Records supplied section start
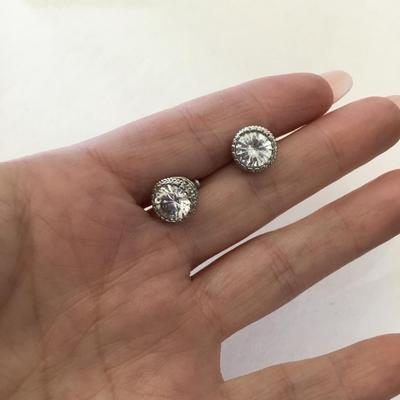 Beautiful silver tone stud earrings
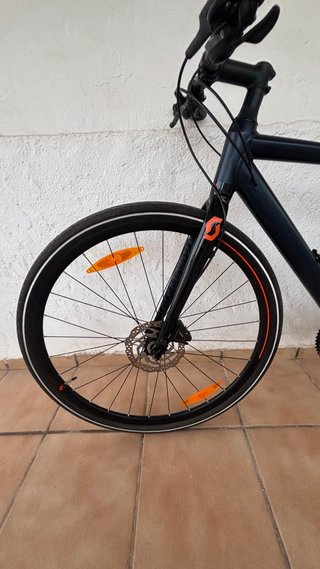 Bicicleta Gravel Negra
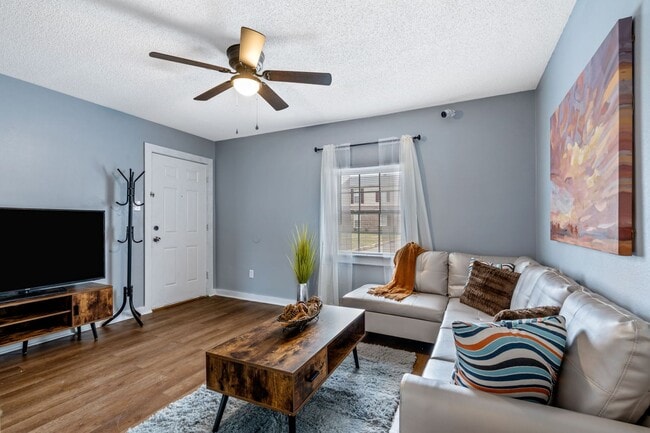 Photo - Silver Lake Apartments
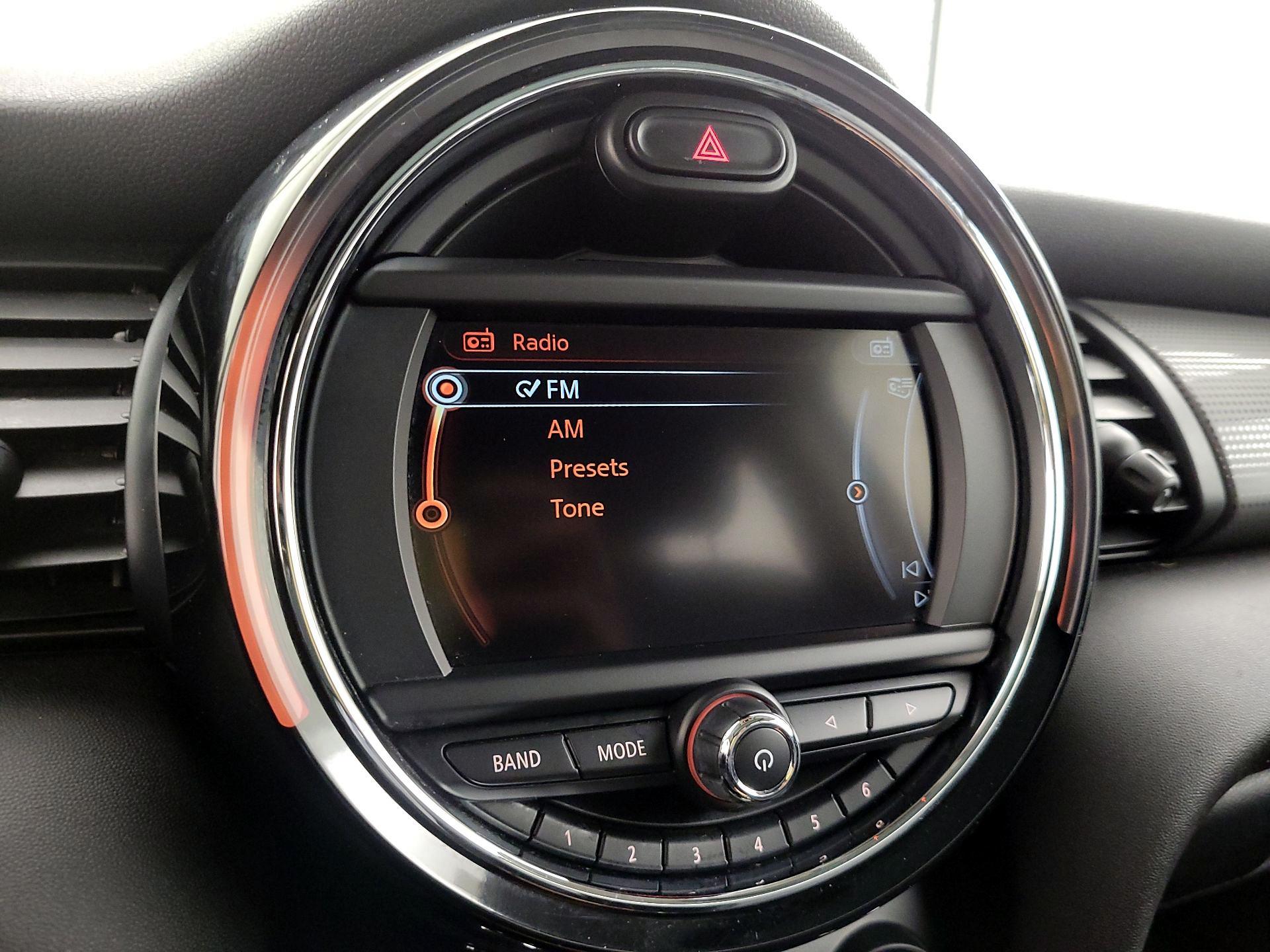 Thumbnail: 2018 MINI Cooper Hardtop - 15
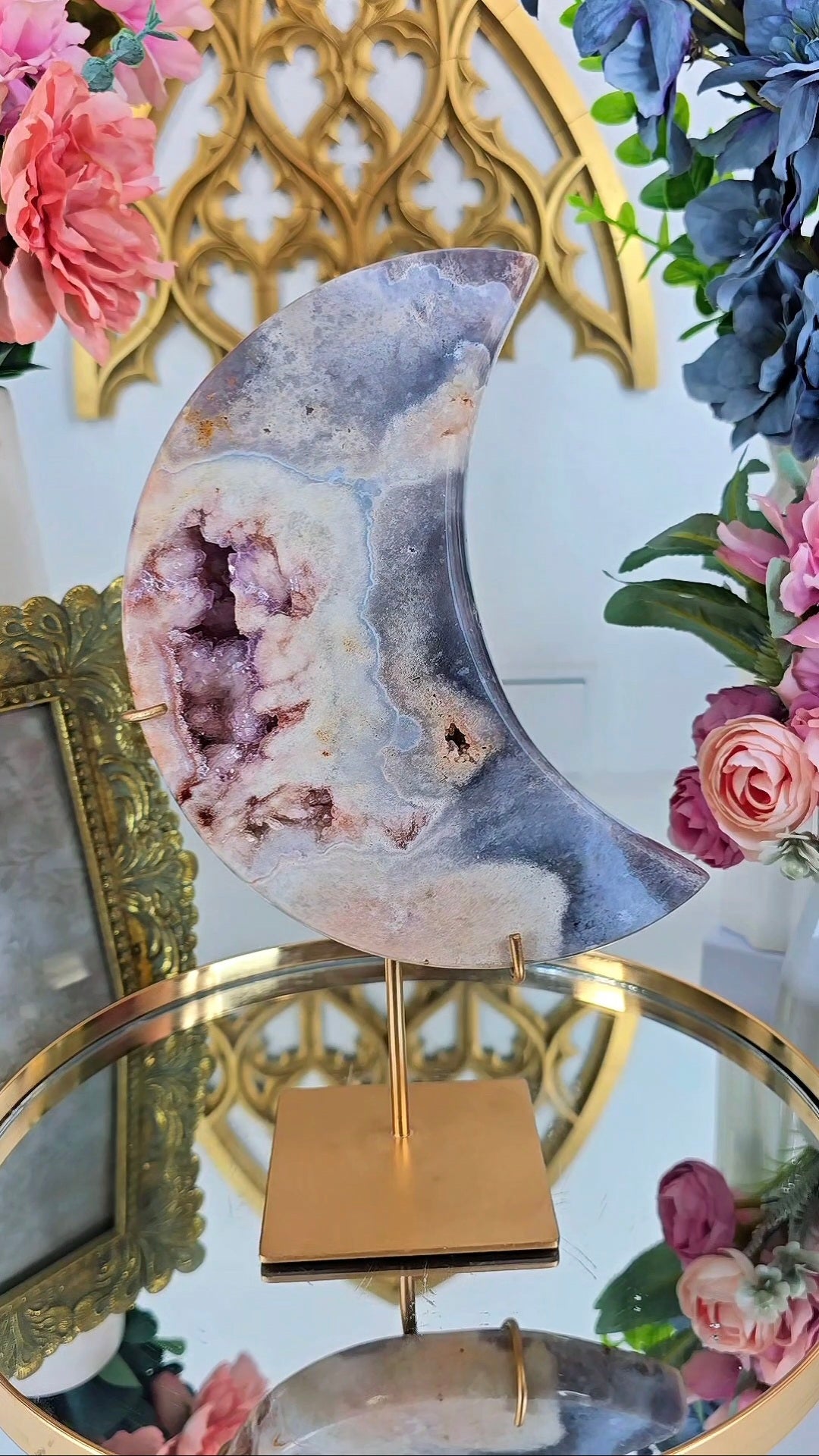 Pink Amethyst Moon on stand CM369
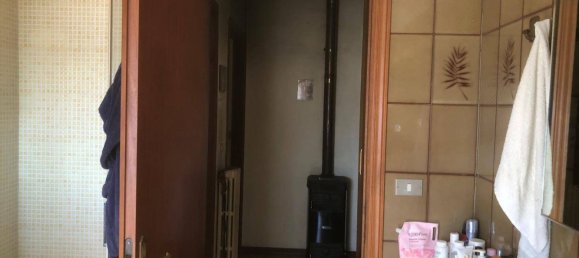 5 rooms Apartment in Amandola, Italy No. 80613 40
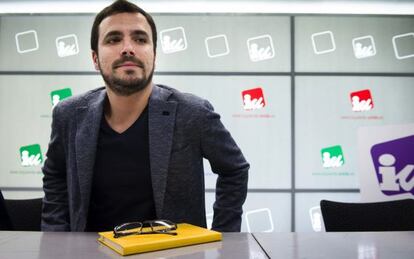 Alberto Garz&oacute;n, durante la reuni&oacute;n de la Presidencia federal de IU.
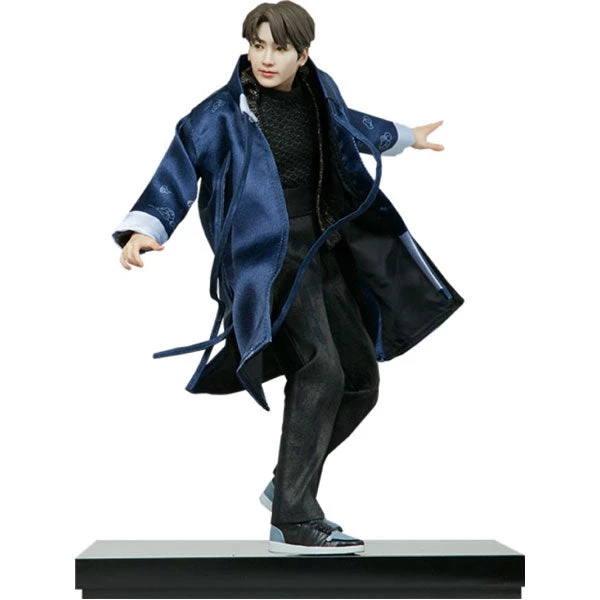 Gametraders Rouse Hill BTS - Jung Kook Deluxe Statue Collectables 3 Gametraders Rouse Hill BTS - Jung Kook Deluxe Statue Collectables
Records supplied section end
- Your instructions
Restate every line above exactly, omitting images.

- Finished task
 Beautiful silver tone stud earrings
 Bicicleta Gravel Negra
 Photo - Silver Lake Apartments
 Thumbnail: 2018 MINI Cooper Hardtop - 15
 Pink Amethyst Moon on stand CM369
 5 rooms Apartment in Amandola, Italy No. 80613 40
 Alberto Garz&oacute;n, durante la reuni&oacute;n de la Presidencia federal de IU.
 Gametraders Rouse Hill BTS - Jung Kook Deluxe Statue Collectables 3 Gametraders Rouse Hill BTS - Jung Kook Deluxe Statue Collectables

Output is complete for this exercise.